Easily half of the stories that my husband tells have to do with his time in the scouting program. One of our kids’ favorite stories is of the time that their dad insisted on packing his own bag for a weeklong backpacking trip.
As a strong 14-year-old boy it sounded like a good idea to bring several cans of food and an extra 5-pound bag of licorice to share with his troop. A couple of miles into the 50-mile hike he was struggling to even move forward another inch and wanted to quit. When he could go no farther, his leaders wondered if adjusting his straps would help, but instead they discovered his unbearable load. They paused the hike and kindly led a discussion with the group. It was decided to distribute the weight evenly among all the boys and leaders.
This small act of service made it possible for him to continue on and successfully complete the memorable journey.
Service was a big part of my husband’s scouting journey and as an adult, he often refers back to this when times get tough. We want our kids to build a strong foundation through service, leadership and strong core values. All of these things are taught in our home and we like to affiliate with programs that support our family goals.
Based on my husband’s experiences, we knew that we could find most of these in the scouting program. When the Boy Scouts decided to allow girls in and rebrand to “Scouts BSA” we were thrilled, because now our sons and daughters could both learn together from the same parent organization.
The scout law states, “A scout is trustworthy, loyal, helpful, friendly, courteous, kind, obedient, cheerful, thrifty, brave, clean, and reverent.”
Six months ago, we moved from Texas to Utah, and we stumbled upon a brand-new girl’s troop that was forming the very day that we pulled into town. Our daughter was so excited that she requested to go straight there. We were met with four other very motivated girls and a scout master who is dedicated to helping them successfully run a truly youth led program.
Within six weeks of forming, the troop earned enough money through fundraising to attend and completely pay for scout camp for all the girls and leaders. They had their first court of honor in September and our 12-year-old daughter had the chance to present awards to her fellow scouts and she personally earned 19 merit badges herself!
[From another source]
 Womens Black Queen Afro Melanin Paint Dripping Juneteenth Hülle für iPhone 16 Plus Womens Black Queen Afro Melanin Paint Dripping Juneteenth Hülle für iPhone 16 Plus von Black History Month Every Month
In this program, the girls set the pace. They are all brand new to scouting, and even with that, they are all on a path to be second class by the end of the year (some first class). Several of the girls are on track to receive their Eagle Scout award by the time they are 13 and 14 years old.
I have been impressed at the selflessness that these girls display. Even in the fun activities that they plan, many of them involve service. They meet weekly and hold monthly campouts, weather permitting, and in September they planned a campout in Bear Lake so they could volunteer to help with the “Bike the Bear” event. Everyone came home with a new t-shirt and a beaming smile on their face.
Now they want to train to ride bikes in the event next year.
Childhood is the most memorable part of life. We are so grateful that the scouting program is still going strong in our community and that our sons and daughters will all have the opportunity to make positive memories to properly fill their proverbial bag of life.